All routes in the U.S. market appear to be stacked into a holding position.

Transatlantic eastbound is about the only route with any degree of spot activity, and that is primarily styrene, although there are reports of 6,000 tons of benzene being booked from Houston to Rotterdam at $47 per metric ton, which is a touch lower than the recent styrene rates. The same ship appears to have taken 6,000 tons of acetic acid to Antwerp for much the same kind of freight level. Overall, space remains fairly tight and rates are expected to remain in this vicinity.

U.S. Gulf-to-Far East remains disappointing. Only ethanol and acrylonitrile appear as regular cargo possibilities, with hardly any aromatics looking to move. Many Asian commodity prices have fallen the fastest and there is simpluy no opportunity to make things happen.

The route from the U.S. Gulf to India-Middle East Gulf does have some space still left for November, and there are suggestions that base oils could make an entrance.
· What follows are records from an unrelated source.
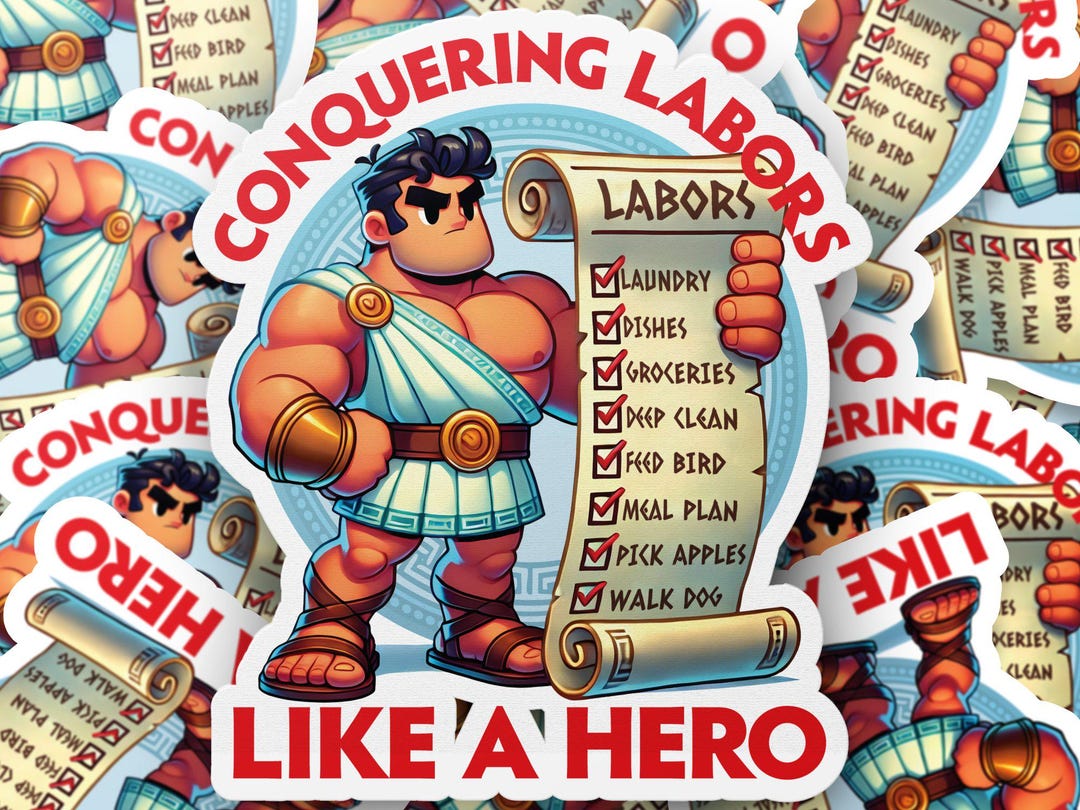 Heracles Sticker Cute Hercules Sticker | Greek Mythology-inspired Art | Hercules Holding ...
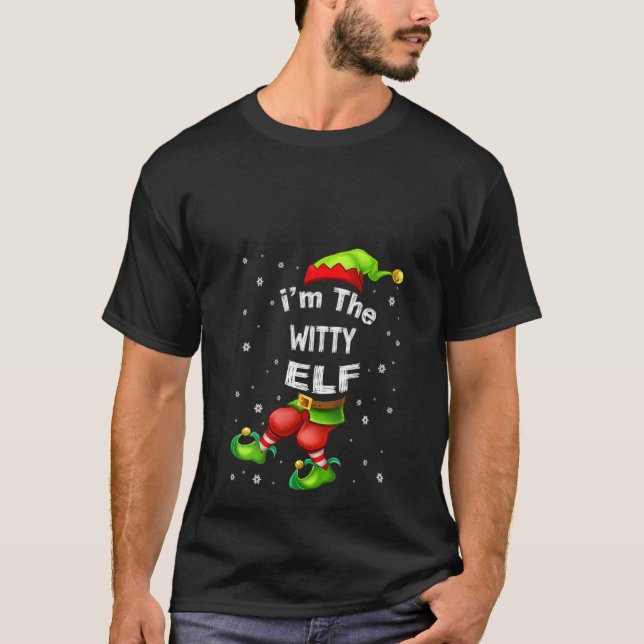 Womens Witty Elf Matching Family Group Christmas P T-Shirt (Front)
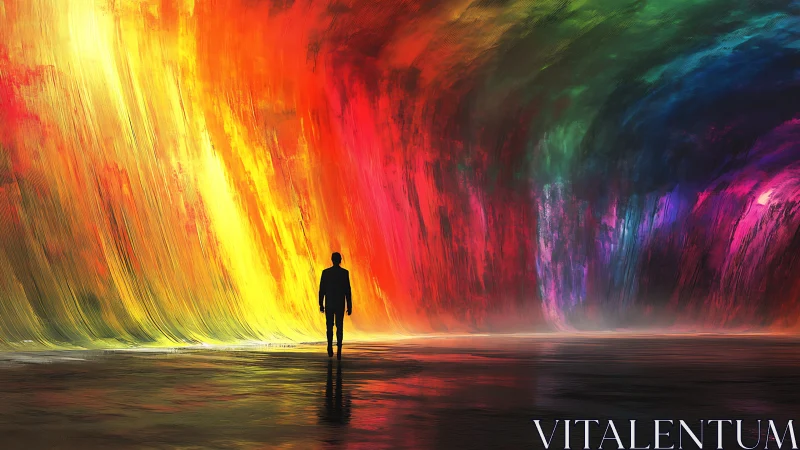 Silhouetted figure stands before towering cascading color waves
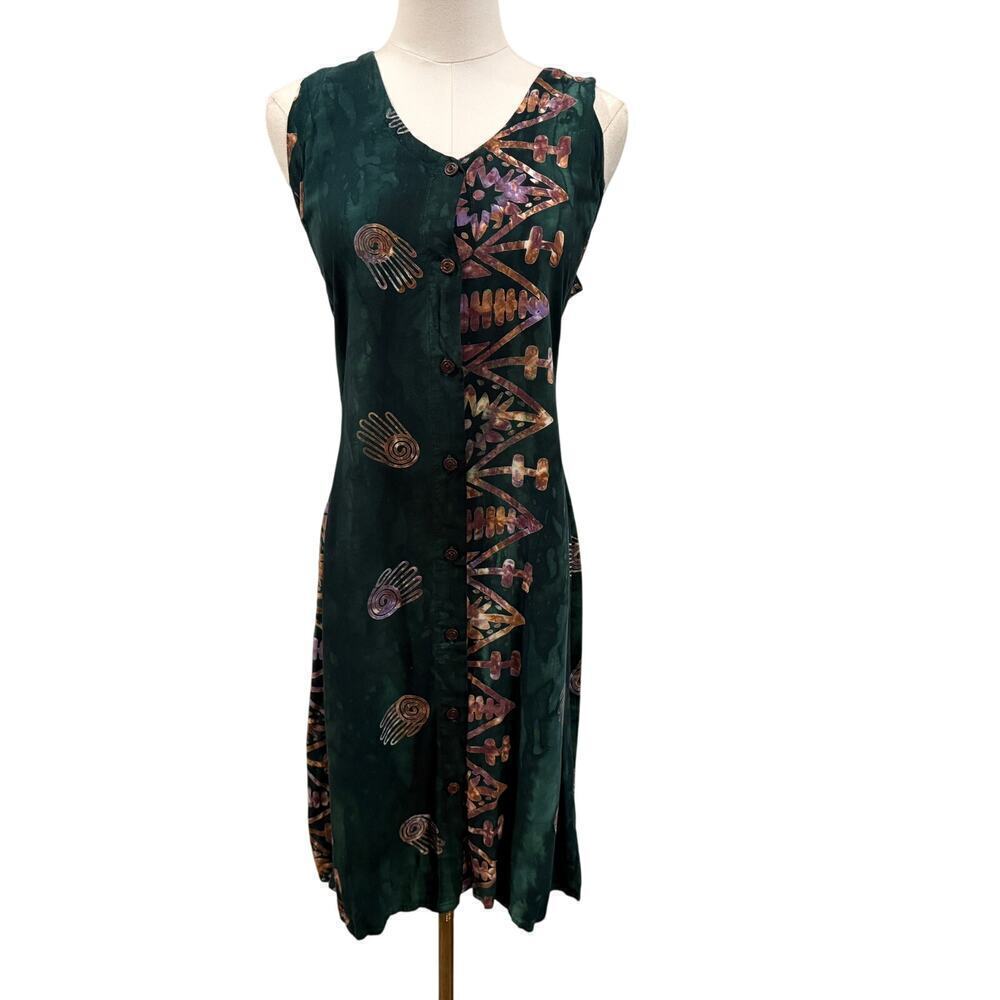 Vintage Flaming Pearl Green Boho Button Front Midi Dress Abstract Medium Indie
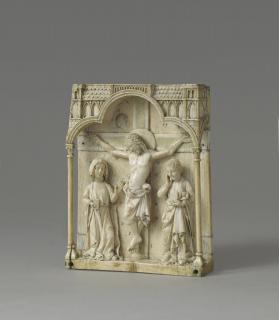 Centre panel (fragment of a polyptych), 1 register, 1 trefoil arch across (plaquette; colonnettes) (Front)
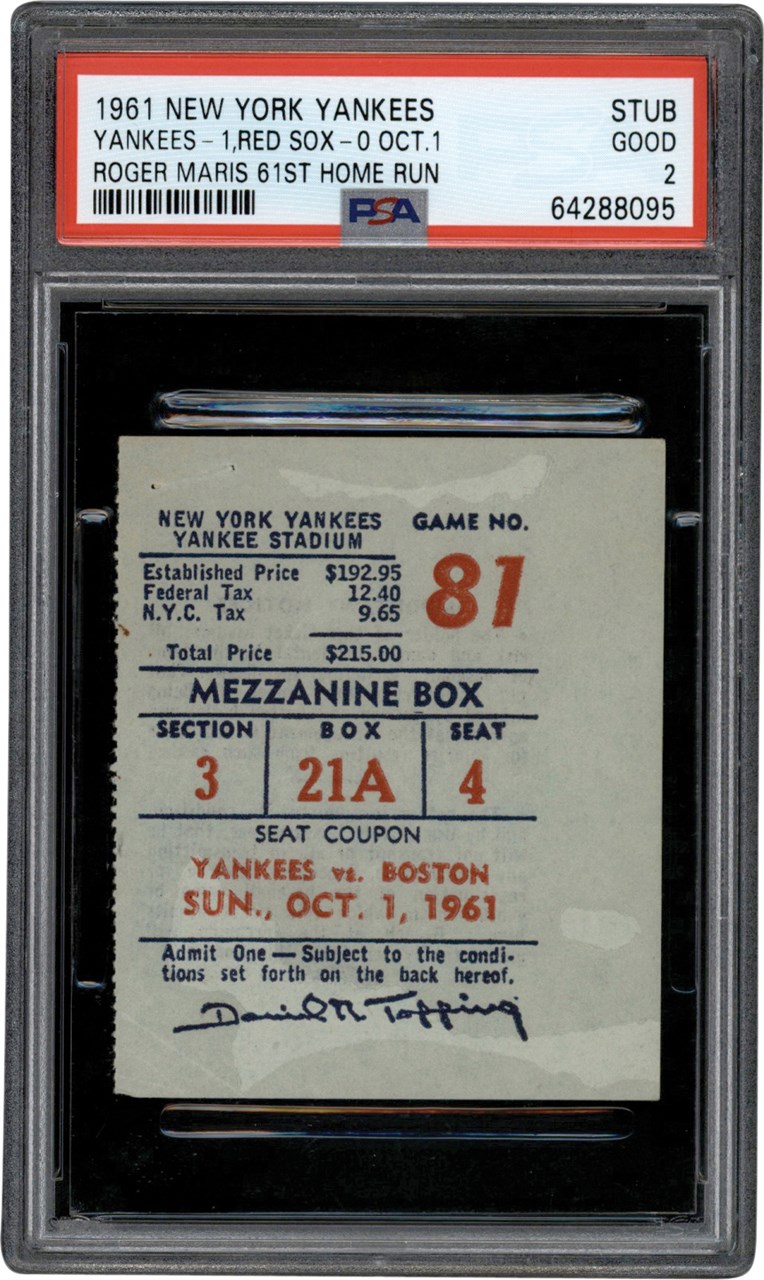 - 1961 Roger Maris Record-Breaking 61st Home Run Season Ticket Stub PSA GD 2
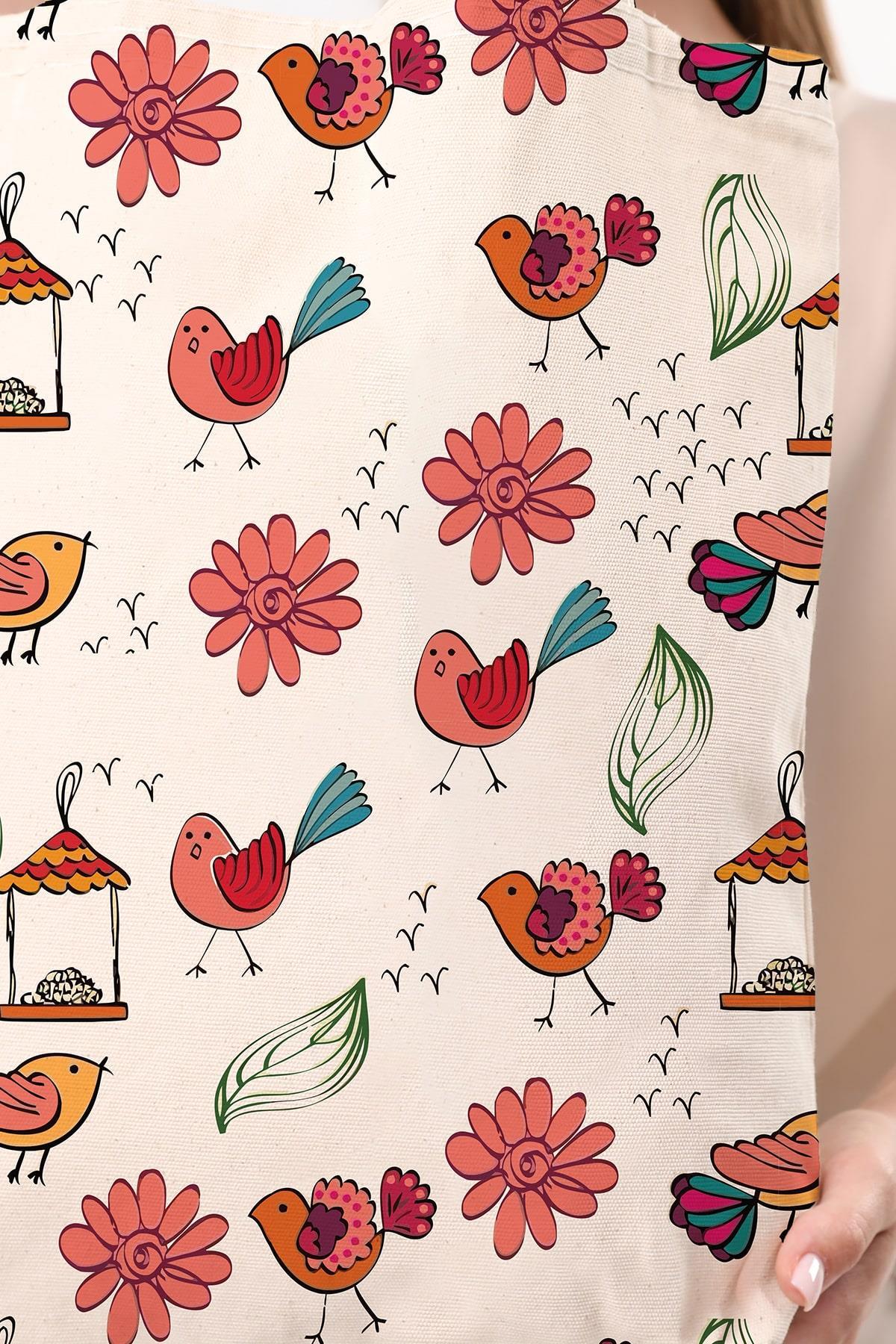 Kanvas Kuş Ve Çiçek Baskılı Bez Çanta
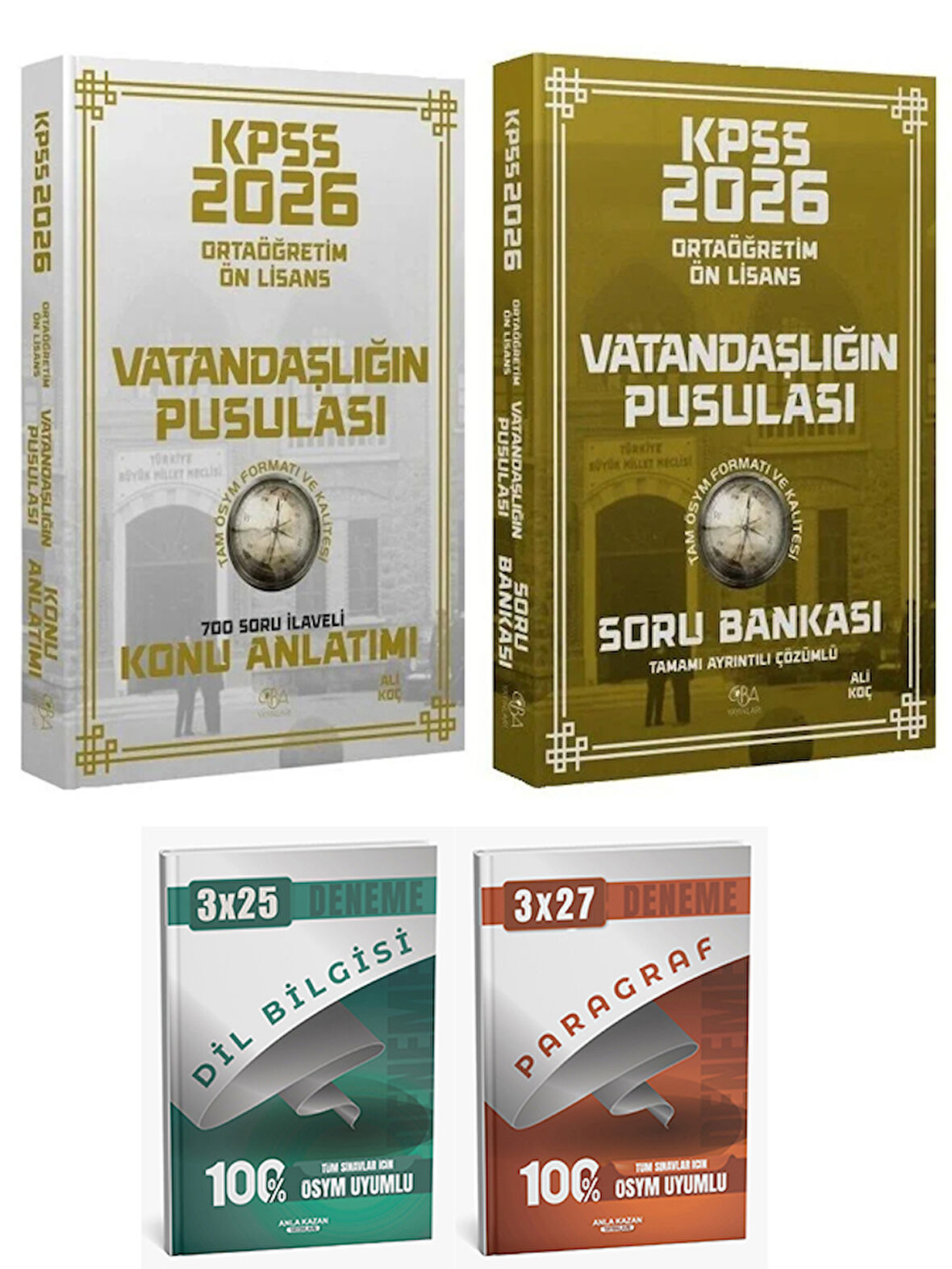CBA + Anla Kazan 2026 KPSS Lise Ortaöğretim Ön Lisans Vatandaşlık Vatandaşlığın Pusulası Konu + Soru Bankası 4 lü Set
Freights are typically in the mid-to-high $80s/t for 5,000 ton parcels, but some traders have found a way to undercut these levels by $20/t or so, which certainly opens the door to that market.

U.S. Gulf-to-the east coast of South America is well balanced between supply and demand for vessel space and rates are stable.

Routes going from U.S. Gulf to the west coast of South America remain heavily contracted, although all three main carriers report having some space still available for November.

U.S. Gulf to Caribbean is quiet. Base oils have been quoted into Colombia again, and there is certainly ample space available.


A busier clean petroleum market has come to the rescue of the North Sea and Baltic, stopping rates from sliding further. Bad weather has also played a part, with the remnants of hurricane Gonzalo causing the suspension of pilot services in a number of ports and disrupting vessels forward schedules. Base oils are a touch busier within Europe, perhaps because of the lower pricing needed to finalize sales.

Southbound into the Mediterranean has not been particularly active and there is ample space available.

Northbound has been enlivened by a spate of pyrolysis gasoline fixing, with well over 30,000 tons fixed and a further 20,000 tons being worked. Rates are weak in general for cargoes of 5,000 tons or more.

Inter-Mediterranean markets are extremely slow for small parcels traffic and in the west Mediterranean it is common to have 6 or 7 offers per cargo. The eastern Mediterranean is not quite the same and there are a lot of clean petroleum and vegetable oil requirements being quoted. Methanol is also becoming more active from the Black Sea. Base oils are moving into Turkey, but primarily from the Mediterranean.

Transatlantic westbound is still the most active of the deep sea routes out of Europe. Pyrolysis gasoline has been the primary product moving with a parcel fixed from Antwerp-Rotterdam-Amsterdam at close to $50/t, and another 10,000 tons being worked from Fawley, England. The last one of these fixed was a smidgen under $50/t, though some are incorrectly reporting it as lower.

Some base oils have been seen looking to ship from the Mediterranean to the U.S. Gulf. Space is scarce on this route if the loading dates do not match the main carrier, with a variation of $20/t or more from what that owner is willing to accept compared to what others want.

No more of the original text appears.